Reshaping the dataset to be include an equal number of toxic and nontoxic samples

In [19]:
quarter = len(toxic)

In [20]:
random_df = train_sample.sample(quarter*4)

In [23]:
prepared_25 = toxic.append(nontoxic.sample(len(toxic)*3))
prepared_25 = prepared_25.sample(frac=1).reset_index(drop=True)
print(prepared_25.toxicity_category.value_counts())

prepared_50 = toxic.append(toxic).append(nontoxic.sample(len(toxic)*2))
prepared_50 = prepared_50.sample(frac=1).reset_index(drop=True)
print(prepared_50.toxicity_category.value_counts())
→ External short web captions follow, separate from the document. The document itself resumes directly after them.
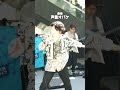 声量オバケ#shorts #short #歌うま #ソウルズ #ストリートライブ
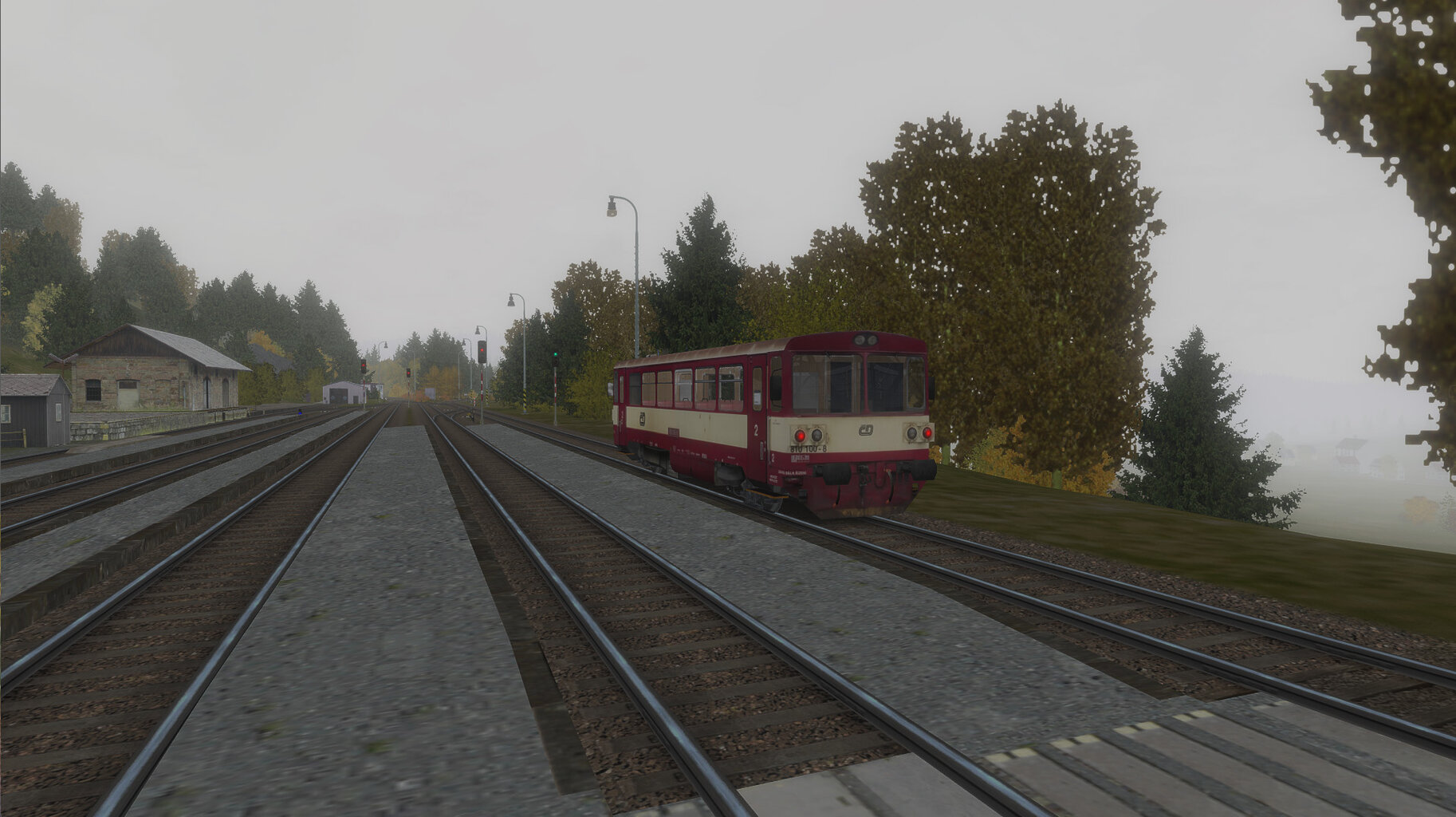 Podzim ranní mlha.jpg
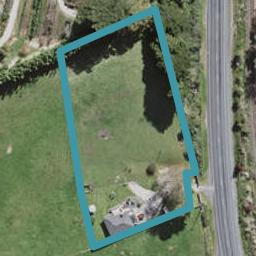 229 State Highway 1, Wellsford, Wellsford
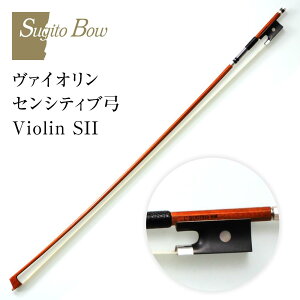 yӂ邳Ɣ[Łz@CI ZVeBu| Violin SII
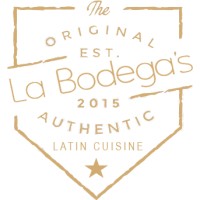Labodega'S Latin Cuisine
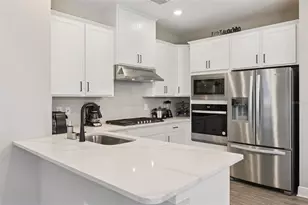 7745 Somersworth Dr, Kissimmee, FL 34747 - Photo 10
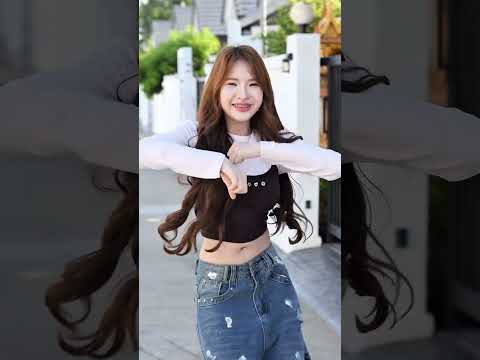 ￼￼ ชอบสีอะไรกัน thumbnail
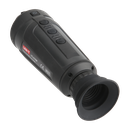 UTx210W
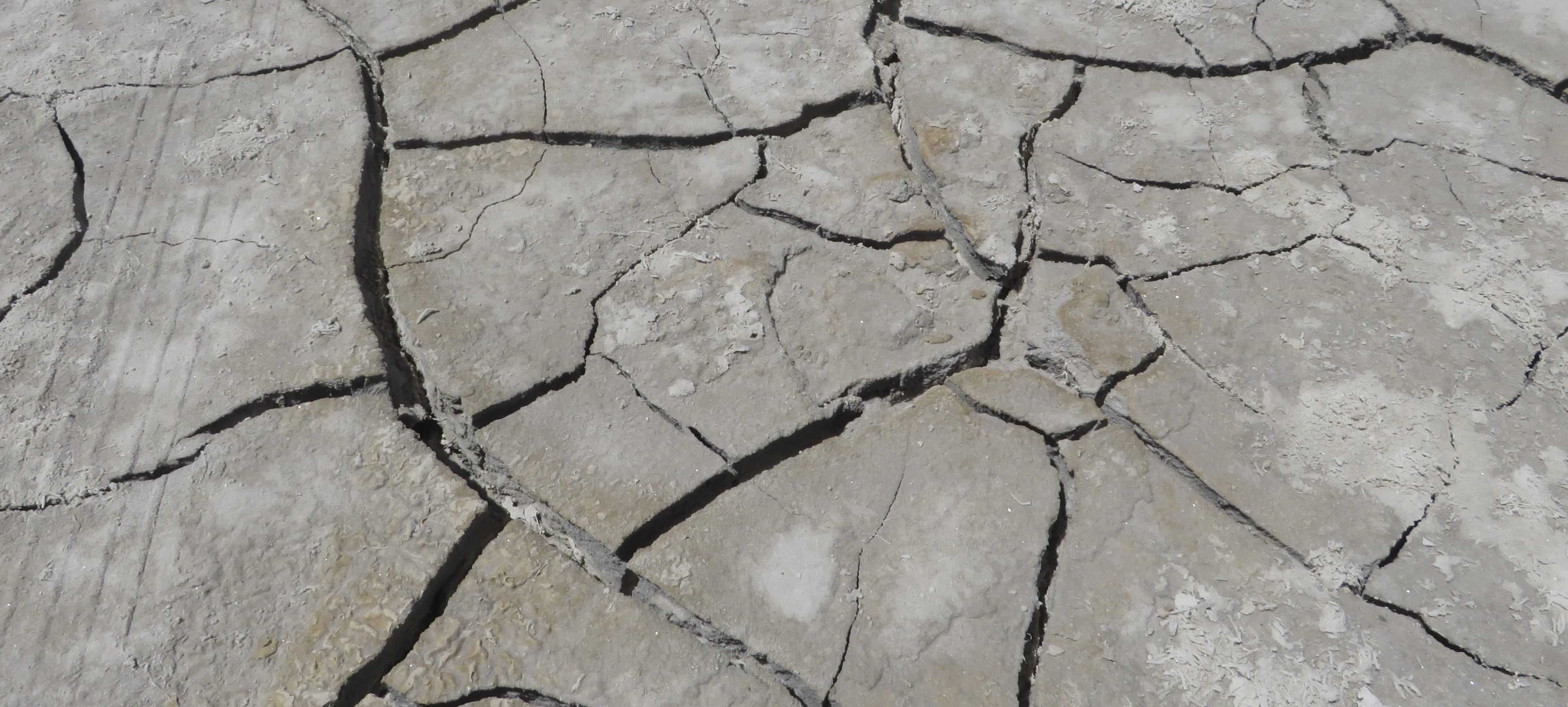 natural Disaster, background, Dry, broken, textured effect, Cracked, dehydrated, textured, scenics - nature, mud, abstract, Desert, heat - Temperature, HD Wallpaper
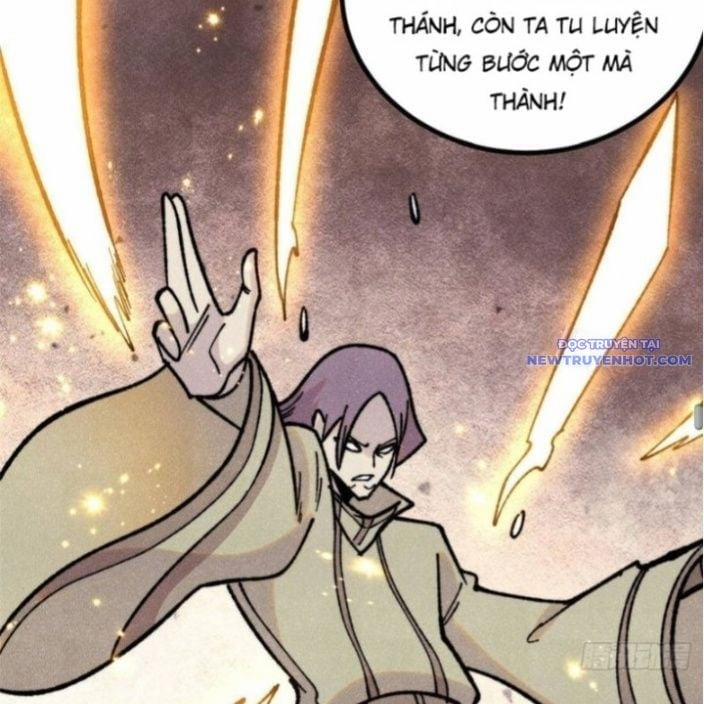 Vạn Cổ Tối Cường Tông 396 trang 58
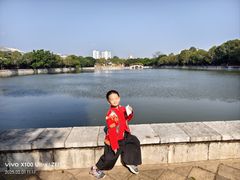 -建水文庙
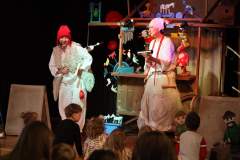 2025-03-30_Fintikluszki_Teatr-Male-Mi_50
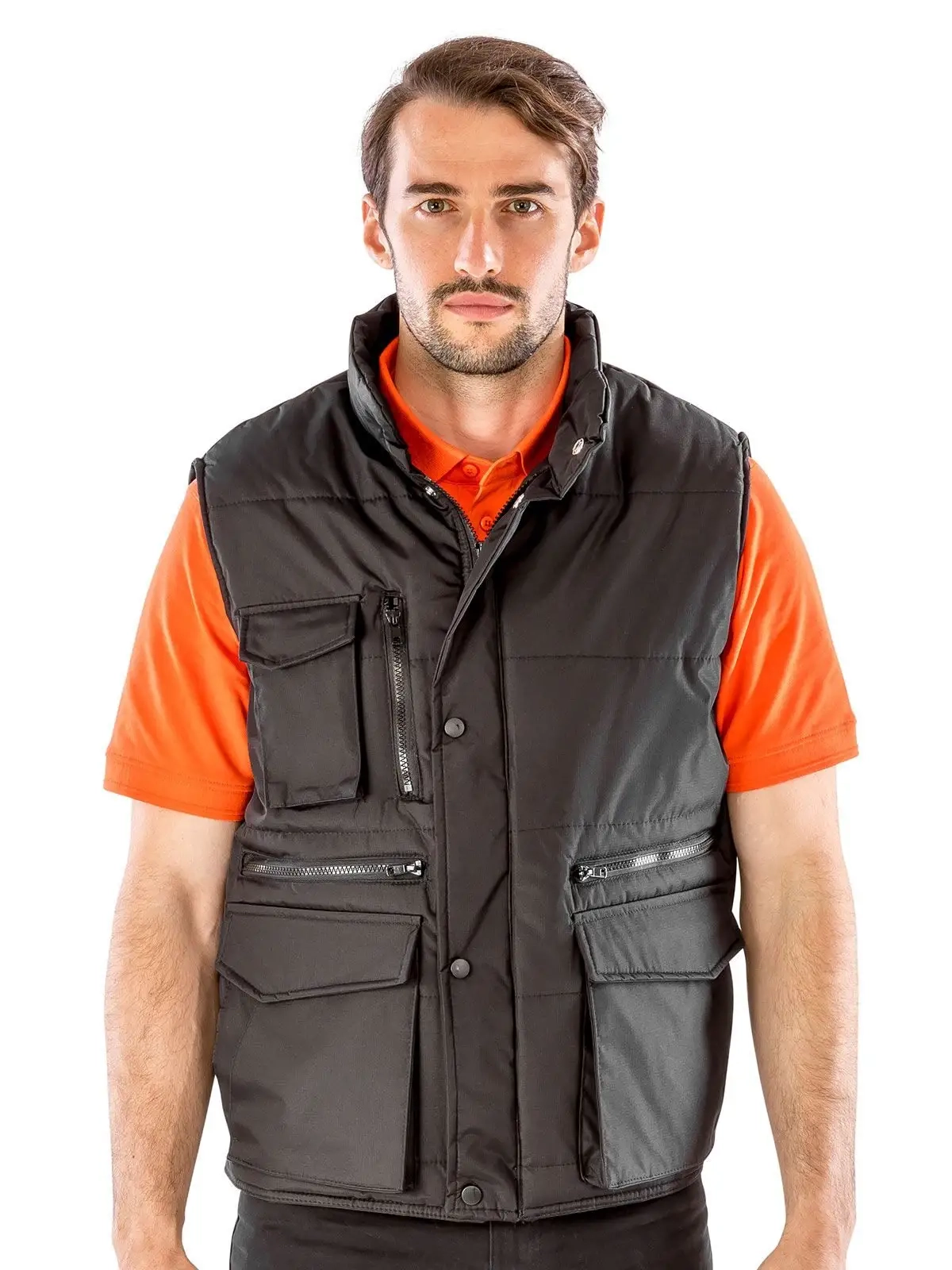 Immagine Lance Bodywarmer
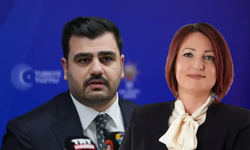 Eyyüp Kadir İnan’dan Karaburun açıklaması: Görüşmemiz yok diyemeyiz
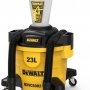 Сепаратор циклонный DeWalt DXVCS002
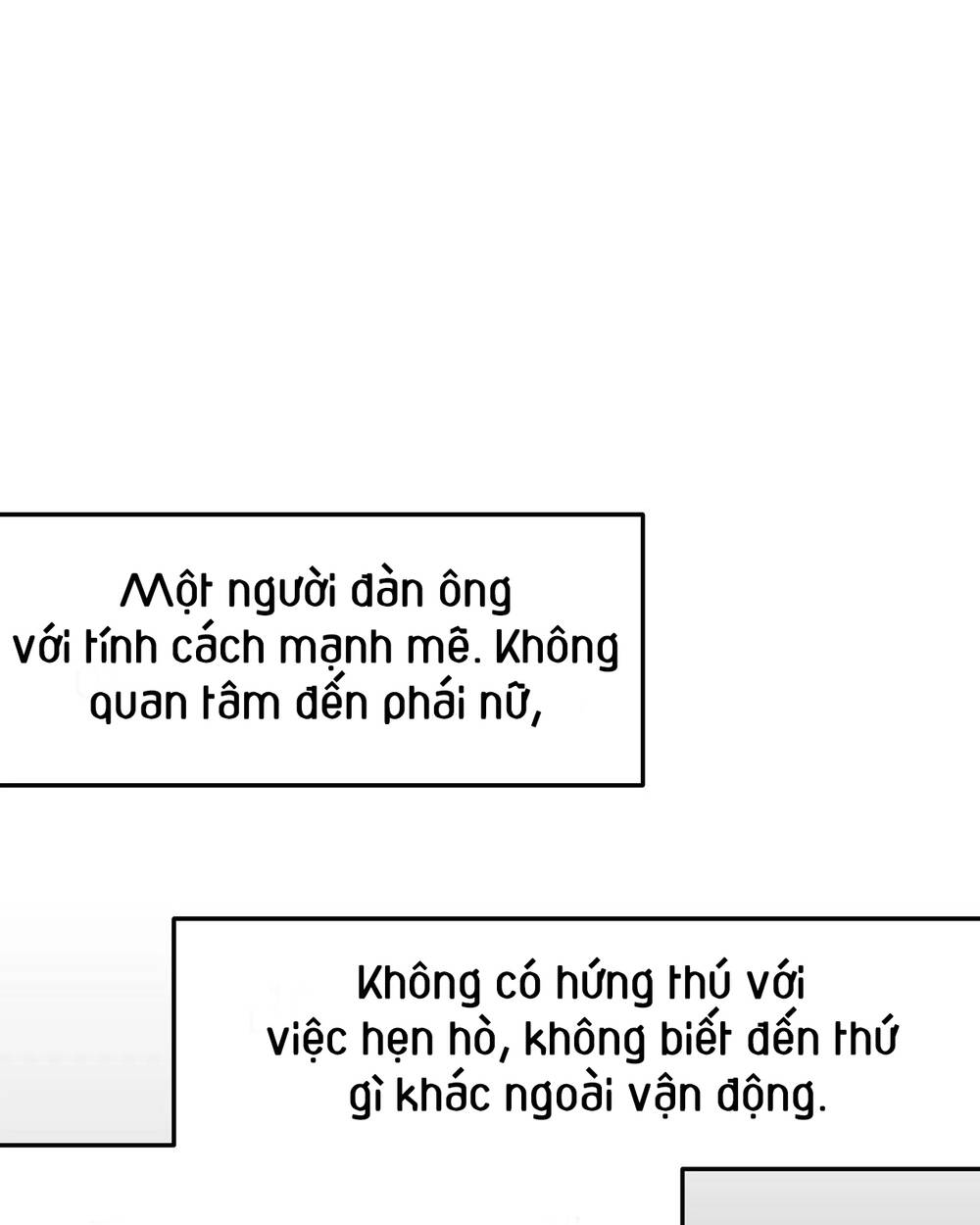 Chương 84 - Trang 113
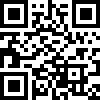https://ja.abna24.com/xg672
prepared_75 = toxic.append(toxic).append(toxic).append(nontoxic.sample(len(toxic)))
prepared_75 = prepared_75.sample(frac=1).reset_index(drop=True)
print(prepared_75.toxicity_category.value_counts())


0    25920
1     8640
Name: toxicity_category, dtype: int64
1    17280
0    17280
Name: toxicity_category, dtype: int64
1    25920
0     8640
Name: toxicity_category, dtype: int64


In [16]:
def run_model(model_df, train_perc=.80, addtl_feats =[''], model_type = "Multi", 
             see_inside=False, comments="comment_text",
             target='toxicity_category'):
    '''
    This function runs a single machine learning model as per the specified parameters.
    
    Input(s):
        model_df: source data frame
        train_perc: percentage that should be used for training set
        addtl_feats: (list) list of non text columns to include
        model_type: which machine learning model to use
        see_inside: returns the intermediate tokenized and vectorized arrays
        comments: source column for text data
        target: source column for y values
        
    Output(s):
    
    '''
    
    train_start = 0
    train_end = round(model_df.shape[0]*train_perc) 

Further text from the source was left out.